(Source material)
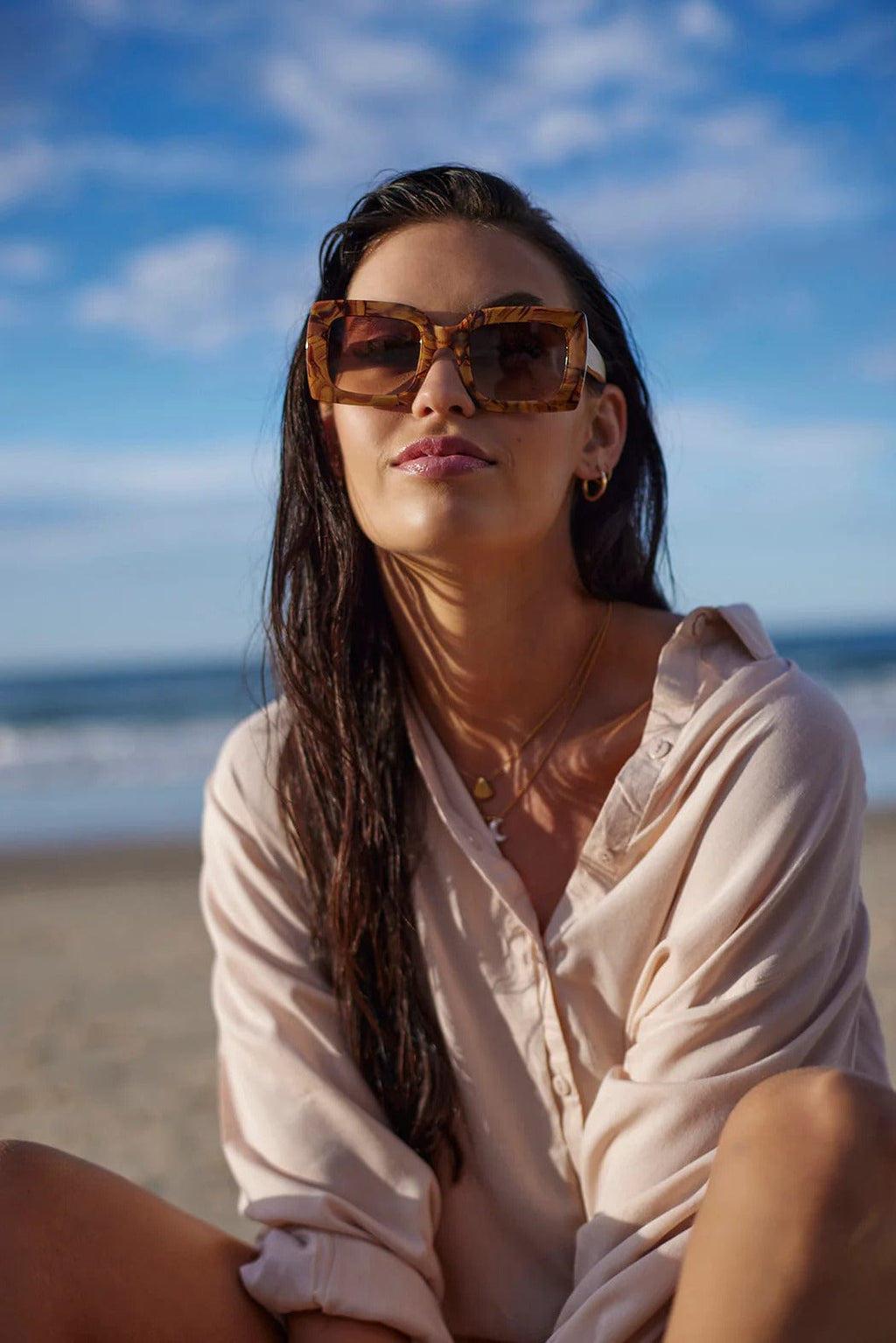 Sunglasses | Tide | Brown Shell - Sticks & Sparrow - Coco Blue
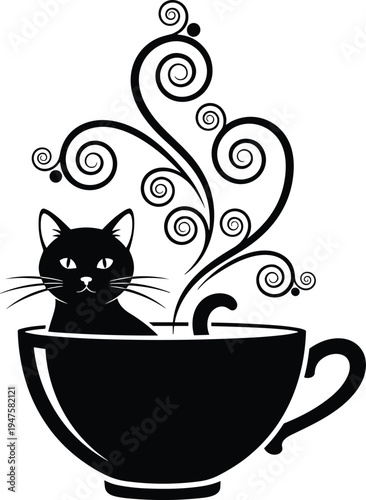 Black Cat in a Coffee Cup with Swirling Steam teacup beverage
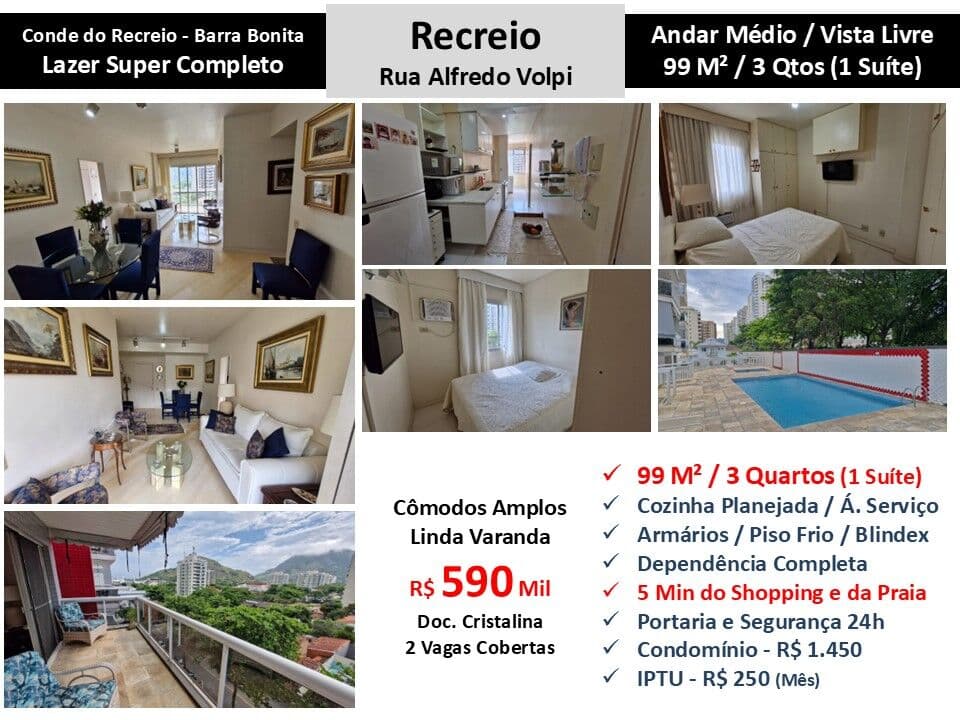 Apto Recreio Barra Bonita Conde do Recreio 99M²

(What this task involves) Write out the data word for word. Any picture is to be skipped.

(Response)
 Sunglasses | Tide | Brown Shell - Sticks & Sparrow - Coco Blue
 Black Cat in a Coffee Cup with Swirling Steam teacup beverage
 Apto Recreio Barra Bonita Conde do Recreio 99M²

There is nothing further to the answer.